Zend announced the general availability of Apigility 1.0, its open-source API builder.
Launched as an open-source project at ZendCon last October, Apigility is a simple, standard interface designed for building and maintaining high-quality APIs. Apigility eliminates the challenges traditionally associated with designing and implementing APIs and supports versioning, validation, error handling, documentation and more.
“We have been astonished and thrilled by the thousands of developers who have already adopted Apigility,” Matthew Weier O’Phinney, project leader for Apigility, said in a statement. “These early users have validated that Apigility simplifies API creation, enabling them to innovate and create new value for their companies.”
With Apigility 1.0, developers can create new APIs with both RPC and REST services, providing a full spectrum of Web services. Developers also can document their API, providing a reference to end-user consumers. In addition, authorization and authentication can be added to APIs, allowing credentials to be assigned to specific users.
An API-based architecture is integral to future-proofing applications, allowing the same APIs to be used across multiple form factors and mobile device types—and reused in different applications throughout a company’s technology ecosystem, Zend officials said. With the right set of APIs, companies can support Web and mobile apps whose data and services are provided by multiple back-end systems and more easily provide service to multiple front-end devices and form factors.
“API first has become the new mantra for Web development, due to the variety of devices and form factors accessing the Web today,” Zeev Suraski, CTO and co-founder of Zend, said in a statement.
“Achieving company-wide agility is at the top of every business’ must-do list, as it is key to seizing strategic market opportunities,” said Andi Gutmans, CEO and co-founder of Zend, also in a statement. “Achieving agility as a company has two sides to it—on the one hand, developing in a more rapid and agile manner—and here is where APIs have a pivotal importance.

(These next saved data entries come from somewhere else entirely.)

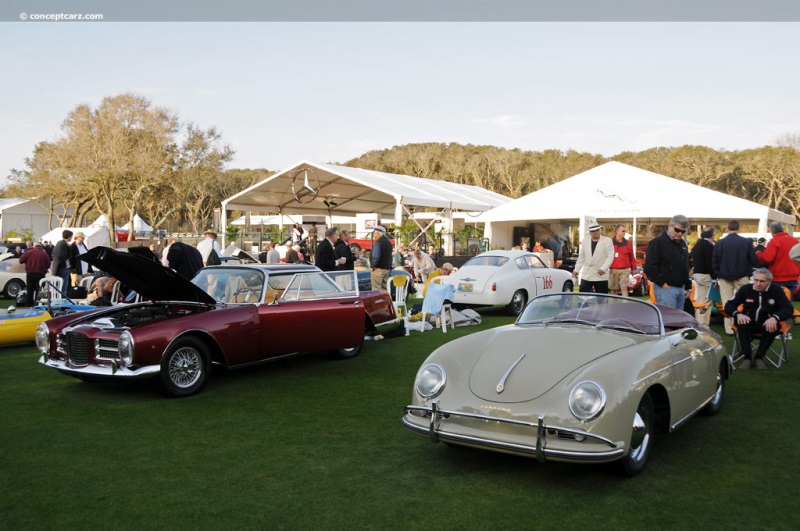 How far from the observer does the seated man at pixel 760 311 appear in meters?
7.73

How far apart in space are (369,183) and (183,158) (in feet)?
84.3

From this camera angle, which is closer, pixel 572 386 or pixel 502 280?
pixel 572 386

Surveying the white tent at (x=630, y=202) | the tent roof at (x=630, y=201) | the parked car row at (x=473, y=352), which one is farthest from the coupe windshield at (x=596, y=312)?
the tent roof at (x=630, y=201)

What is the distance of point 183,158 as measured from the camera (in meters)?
44.9

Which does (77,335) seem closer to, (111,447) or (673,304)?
(111,447)

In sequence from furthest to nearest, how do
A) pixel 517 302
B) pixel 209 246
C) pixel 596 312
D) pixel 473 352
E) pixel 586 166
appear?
1. pixel 586 166
2. pixel 517 302
3. pixel 209 246
4. pixel 596 312
5. pixel 473 352

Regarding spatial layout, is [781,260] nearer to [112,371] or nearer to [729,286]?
[729,286]

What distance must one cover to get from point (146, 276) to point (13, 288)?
42.9 feet

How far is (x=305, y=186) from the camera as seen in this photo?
24.2m

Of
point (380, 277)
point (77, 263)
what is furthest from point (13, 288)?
point (380, 277)

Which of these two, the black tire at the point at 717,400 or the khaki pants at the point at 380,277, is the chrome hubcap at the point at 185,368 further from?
the khaki pants at the point at 380,277

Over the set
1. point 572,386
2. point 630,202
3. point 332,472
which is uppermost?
point 630,202

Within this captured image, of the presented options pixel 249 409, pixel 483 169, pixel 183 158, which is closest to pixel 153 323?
pixel 249 409

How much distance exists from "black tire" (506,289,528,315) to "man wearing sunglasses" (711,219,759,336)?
4.49 meters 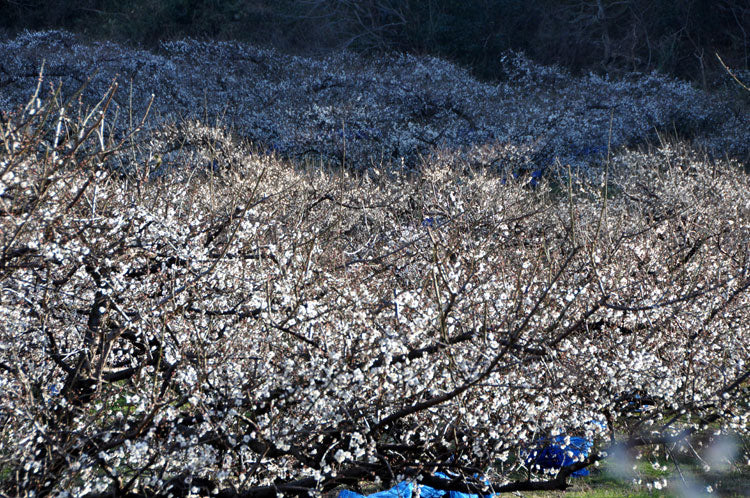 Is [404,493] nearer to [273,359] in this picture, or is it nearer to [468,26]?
[273,359]

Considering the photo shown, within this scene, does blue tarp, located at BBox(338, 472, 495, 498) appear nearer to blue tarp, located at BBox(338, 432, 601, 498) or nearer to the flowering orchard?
blue tarp, located at BBox(338, 432, 601, 498)

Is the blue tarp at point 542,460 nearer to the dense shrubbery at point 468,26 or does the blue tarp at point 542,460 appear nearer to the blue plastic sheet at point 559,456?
the blue plastic sheet at point 559,456

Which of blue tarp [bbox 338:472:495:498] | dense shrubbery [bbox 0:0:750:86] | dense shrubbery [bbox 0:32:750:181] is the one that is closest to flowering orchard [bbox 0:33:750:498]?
blue tarp [bbox 338:472:495:498]

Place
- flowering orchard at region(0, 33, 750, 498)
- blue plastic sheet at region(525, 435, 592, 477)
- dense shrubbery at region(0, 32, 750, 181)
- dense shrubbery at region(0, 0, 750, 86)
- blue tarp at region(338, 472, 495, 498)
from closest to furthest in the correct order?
1. flowering orchard at region(0, 33, 750, 498)
2. blue tarp at region(338, 472, 495, 498)
3. blue plastic sheet at region(525, 435, 592, 477)
4. dense shrubbery at region(0, 32, 750, 181)
5. dense shrubbery at region(0, 0, 750, 86)

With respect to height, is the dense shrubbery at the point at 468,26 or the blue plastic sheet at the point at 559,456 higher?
the dense shrubbery at the point at 468,26

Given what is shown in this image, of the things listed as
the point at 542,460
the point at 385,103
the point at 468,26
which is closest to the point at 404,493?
the point at 542,460

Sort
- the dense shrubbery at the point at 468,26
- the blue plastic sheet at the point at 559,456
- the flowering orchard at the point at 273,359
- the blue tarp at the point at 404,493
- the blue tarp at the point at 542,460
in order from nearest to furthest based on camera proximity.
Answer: the flowering orchard at the point at 273,359 → the blue tarp at the point at 542,460 → the blue tarp at the point at 404,493 → the blue plastic sheet at the point at 559,456 → the dense shrubbery at the point at 468,26

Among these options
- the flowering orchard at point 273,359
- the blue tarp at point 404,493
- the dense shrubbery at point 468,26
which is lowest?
the blue tarp at point 404,493

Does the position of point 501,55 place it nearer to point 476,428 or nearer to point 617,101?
point 617,101

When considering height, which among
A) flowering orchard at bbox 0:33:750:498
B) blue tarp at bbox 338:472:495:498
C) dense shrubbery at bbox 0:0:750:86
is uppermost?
dense shrubbery at bbox 0:0:750:86

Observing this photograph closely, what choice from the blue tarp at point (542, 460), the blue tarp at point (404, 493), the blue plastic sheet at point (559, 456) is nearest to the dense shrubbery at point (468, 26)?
the blue plastic sheet at point (559, 456)

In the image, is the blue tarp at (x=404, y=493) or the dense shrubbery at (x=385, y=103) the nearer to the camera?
the blue tarp at (x=404, y=493)

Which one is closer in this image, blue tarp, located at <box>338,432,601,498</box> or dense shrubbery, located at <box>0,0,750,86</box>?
blue tarp, located at <box>338,432,601,498</box>

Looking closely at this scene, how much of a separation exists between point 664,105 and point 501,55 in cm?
803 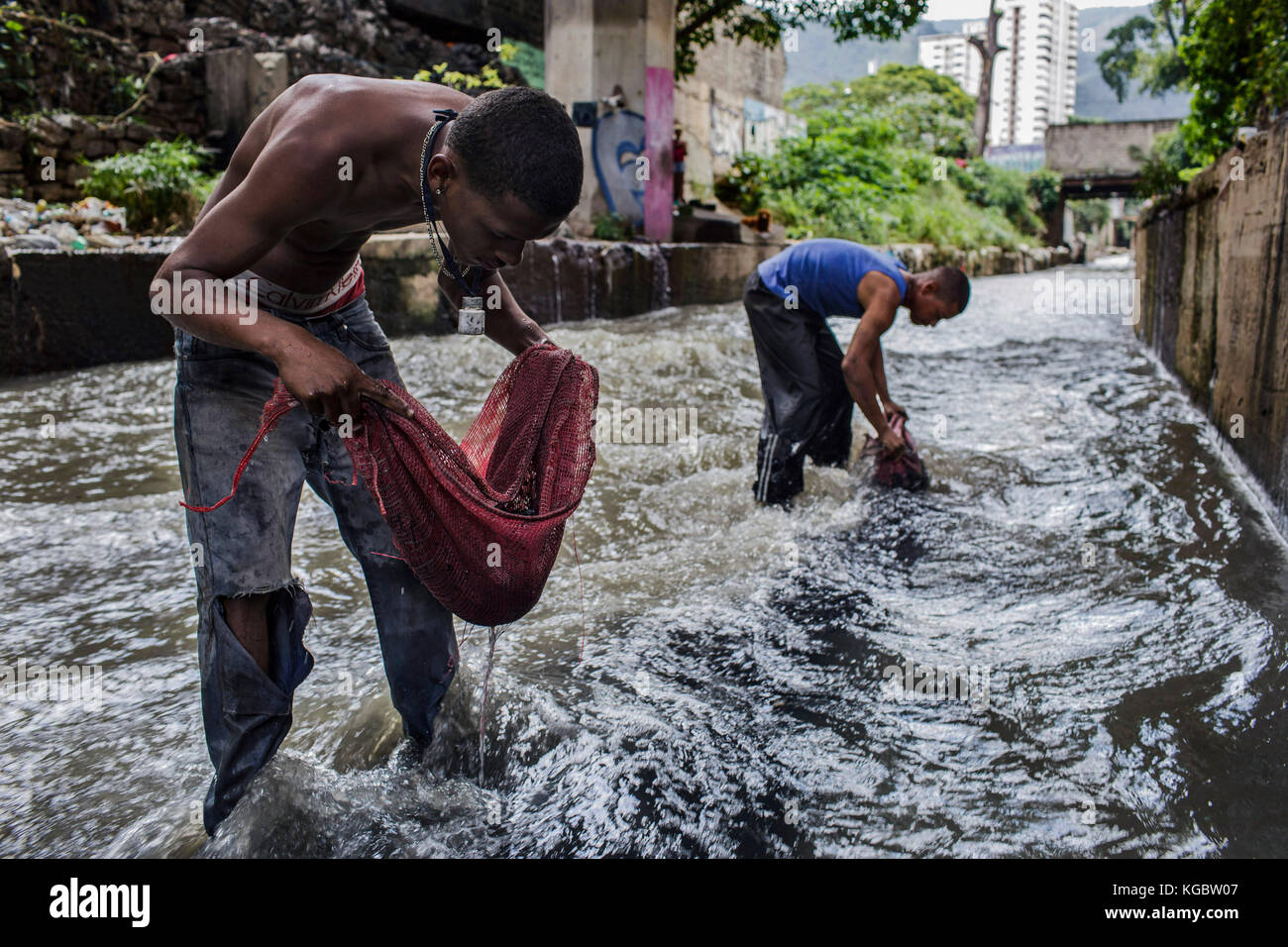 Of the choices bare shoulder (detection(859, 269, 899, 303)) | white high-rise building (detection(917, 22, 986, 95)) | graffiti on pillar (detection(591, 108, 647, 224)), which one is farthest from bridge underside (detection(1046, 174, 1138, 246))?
white high-rise building (detection(917, 22, 986, 95))

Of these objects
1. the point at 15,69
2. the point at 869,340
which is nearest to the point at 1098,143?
the point at 15,69

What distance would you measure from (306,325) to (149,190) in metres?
7.55

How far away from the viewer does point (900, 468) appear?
4730 millimetres

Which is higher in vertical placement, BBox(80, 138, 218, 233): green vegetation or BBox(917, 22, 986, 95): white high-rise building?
BBox(917, 22, 986, 95): white high-rise building

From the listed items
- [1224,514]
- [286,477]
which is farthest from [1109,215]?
[286,477]

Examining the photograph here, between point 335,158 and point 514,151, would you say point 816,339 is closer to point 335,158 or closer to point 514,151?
point 514,151

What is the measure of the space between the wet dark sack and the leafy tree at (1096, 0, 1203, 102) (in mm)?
32276

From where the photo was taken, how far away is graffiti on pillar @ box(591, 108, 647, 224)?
1177cm

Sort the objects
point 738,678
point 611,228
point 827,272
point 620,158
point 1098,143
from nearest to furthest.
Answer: point 738,678 → point 827,272 → point 611,228 → point 620,158 → point 1098,143

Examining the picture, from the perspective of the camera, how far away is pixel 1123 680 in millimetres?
2809

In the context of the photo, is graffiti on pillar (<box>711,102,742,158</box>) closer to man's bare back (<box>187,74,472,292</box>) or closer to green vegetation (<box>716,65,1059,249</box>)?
green vegetation (<box>716,65,1059,249</box>)

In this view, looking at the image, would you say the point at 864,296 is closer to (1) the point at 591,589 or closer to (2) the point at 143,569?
(1) the point at 591,589

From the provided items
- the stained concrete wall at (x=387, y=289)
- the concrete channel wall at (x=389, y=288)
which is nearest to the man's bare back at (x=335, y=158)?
the stained concrete wall at (x=387, y=289)

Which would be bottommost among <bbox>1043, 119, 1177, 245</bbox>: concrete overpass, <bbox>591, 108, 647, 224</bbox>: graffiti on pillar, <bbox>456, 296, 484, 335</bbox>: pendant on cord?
<bbox>456, 296, 484, 335</bbox>: pendant on cord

But there is also the side of moving that application more rapidly from development into production—and Zend believes that both sides need to be given equal weight.
“Adopting an API-based architecture both helps speed initial development of new apps but also makes those components more usable and reusable, thus helping speed future development efforts, too. However the other half of the equation is to invest in the capability to continuously deliver those new apps to market,” he continued.
With its error-handling support, when an error occurs on the server side, Apigility reports the response involved and the nature of the problem to the API consumer. This reporting enables programmers to easily parse and understand what happened. The API builder also provides tools for ensuring that all data coming into an API is valid. If not, Apigility sends a single response, in a predictable format, reporting all errors. API consumers know up-front when they did something wrong.
Meanwhile, Apigility will verify whether each client is capable of viewing an application, and whether data submitted to an API is of an acceptable content type. If not, Apigility sends back a response indicating that the API cannot provide a representation, or cannot understand the data.
In addition, Apigility supports multiple versions of the same API and enables developers to support both old and up-to-date clients at the same time. The user interface allows developers to manage all versions of the API from one centralized place, and provision new versions as needed.
Developers can use Apigility to build APIs that enable mobile apps, developer communities and any other consumer-controlled access to applications. Apigility automates some of the API-creation process, enabling developers to evolve—including adding, updating or removing—their APIs as requirements change. Developers also can tailor APIs to specifications needed to address business requirements. Apigility allows any PHP-based business logic to be API-enabled, regardless of how it is written and what framework it uses, if any.